_Prompt_
When you copy from the entries that follow, take only the lines from the one with "This beauty is" down to the one with "For massage, use", keeping both ends and dropping every picture.

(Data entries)
= = = = =
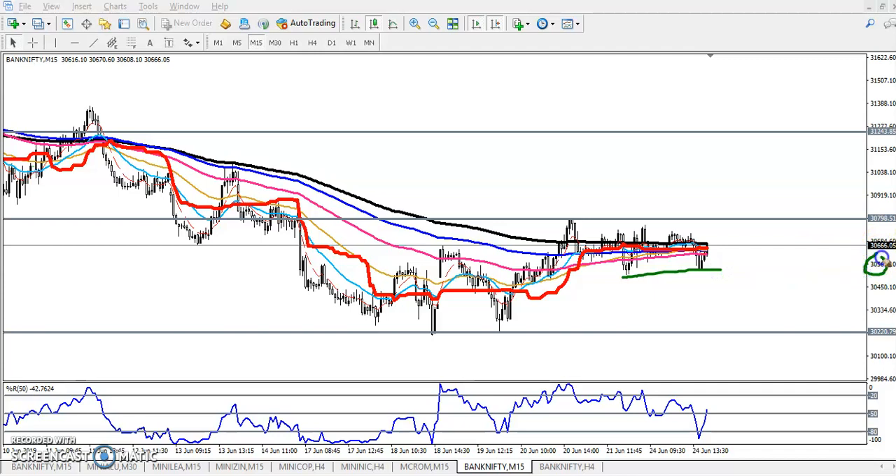If the price breaks this level and then retraces near this resistance line — because support will become resistance — you can go for sell at that point. The next target will be 30,200, and if they break that level, the next target will be near 29,500. I hope you enjoyed this video.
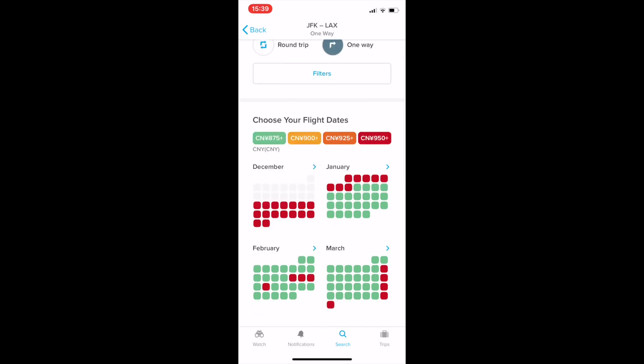From here it appears: choose your flight dates. You have green, orange, dark orange and red, which indicate that the price is cheap, fairly cheap, a little bit expensive, and expensive. You can see the colors on the calendar — for example, December is all red, and January the first week is red followed by green.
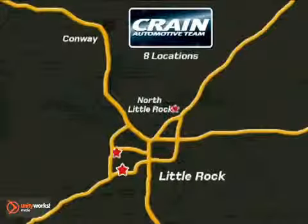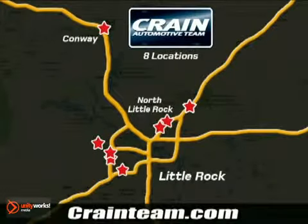Visit us anytime at craneteam.com. Go, go, go — the Crane Team's got them. Craneteam.com.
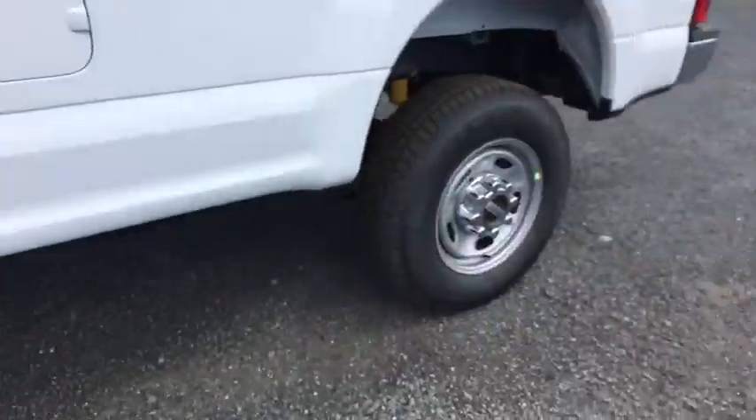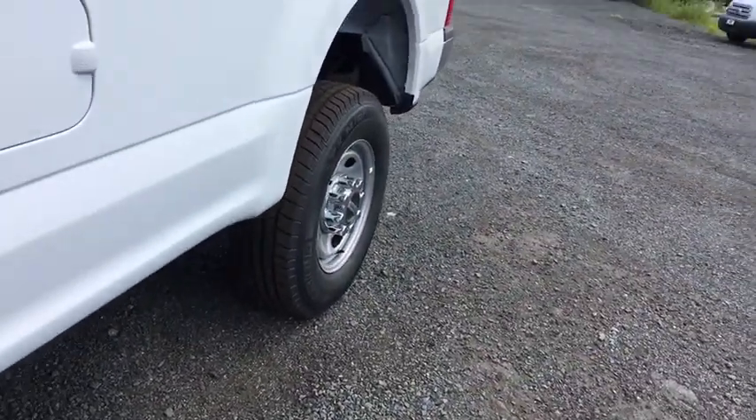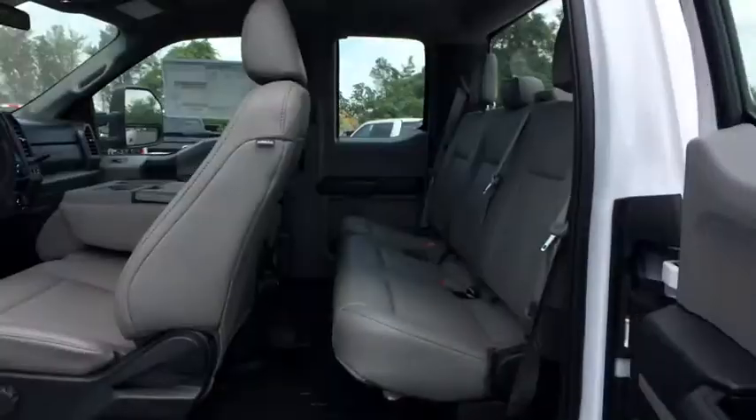This beauty is sure to make you the talk of the neighborhood, so call or drop in for a test drive today.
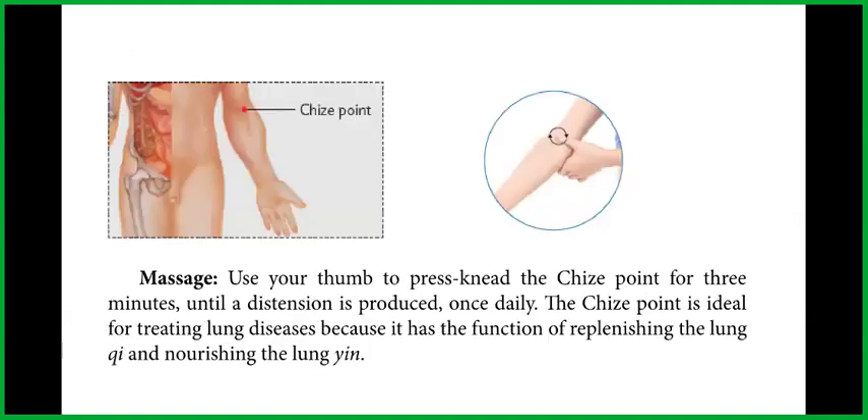For massage, use your thumb to press and knead the point Lung 5 for 3 minutes until distension is produced, once daily. The Lung 5 point is ideal for treating lung diseases because it has the function of replenishing the Lung Chi and nourishing the Lung Yin.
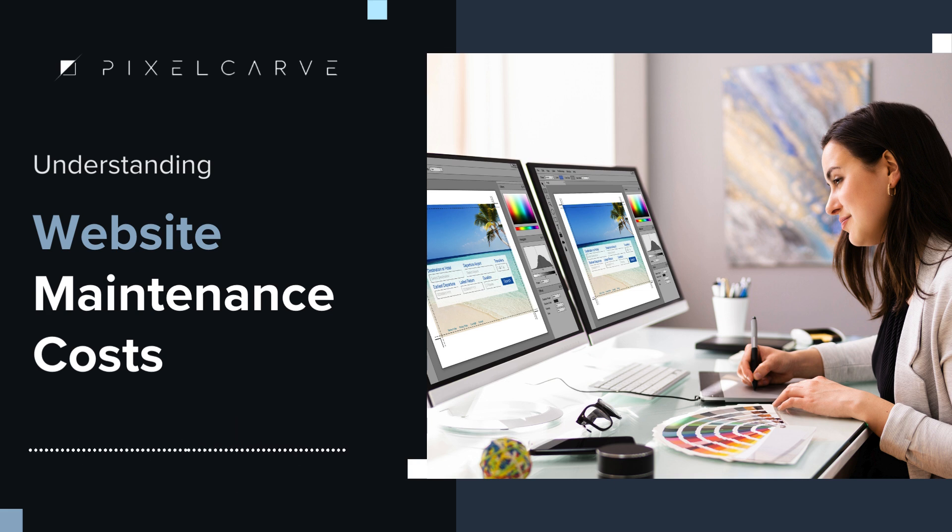Interested in learning more? Read the full article on our website. And don't forget to add Perspective by Pixel Carve to your Spotify playlist.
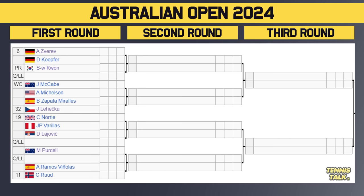Bottom section of the draw — we've got 6th seed Zverev taking on Kopp, with the winner facing either Kwon or a qualifier. Then McCabe versus Mikkelsen, with the winner facing either Marais or Lehečka, the 32nd seed. Then 19th seed Nori takes on Varias, with the winner facing either Lajevic or a qualifier. Then Purcell takes on a qualifier, with the winner facing either Ramos-Viñolas or 11th seed Ruud. Ruud's draw looks kind of good until the potential Zverev match — Lehečka in the third round sucks for Zverev. Zverev should get through, but Kasper Ruud? I don't know.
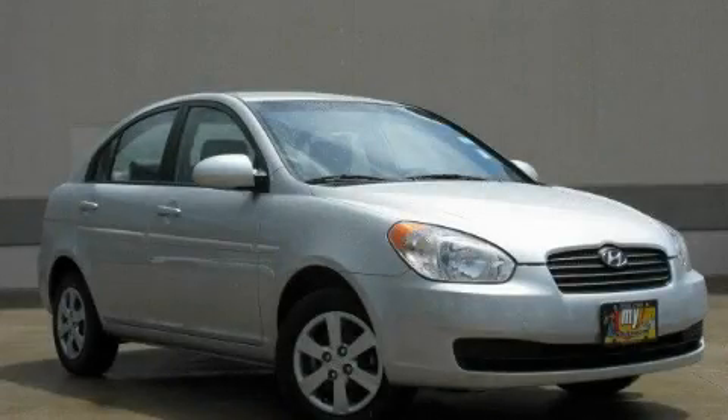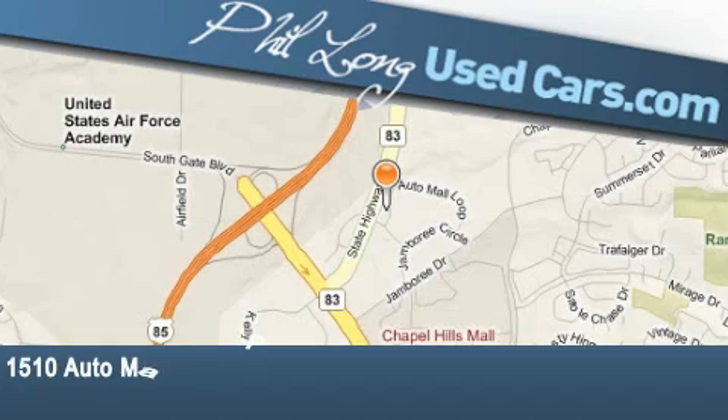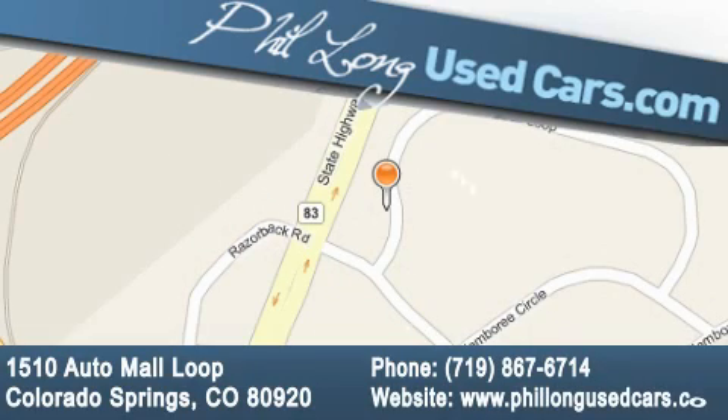Stop by today and test drive this automobile for yourself. Phil Long Used Cars is located at 1510 Auto Mall Loop in Colorado Springs. Our goal is to exceed all of your expectations to ensure that you'll return for future visits.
= = = = =
_Result of the task_
This beauty is sure to make you the talk of the neighborhood, so call or drop in for a test drive today.
For massage, use your thumb to press and knead the point Lung 5 for 3 minutes until distension is produced, once daily. The Lung 5 point is ideal for treating lung diseases because it has the function of replenishing the Lung Chi and nourishing the Lung Yin.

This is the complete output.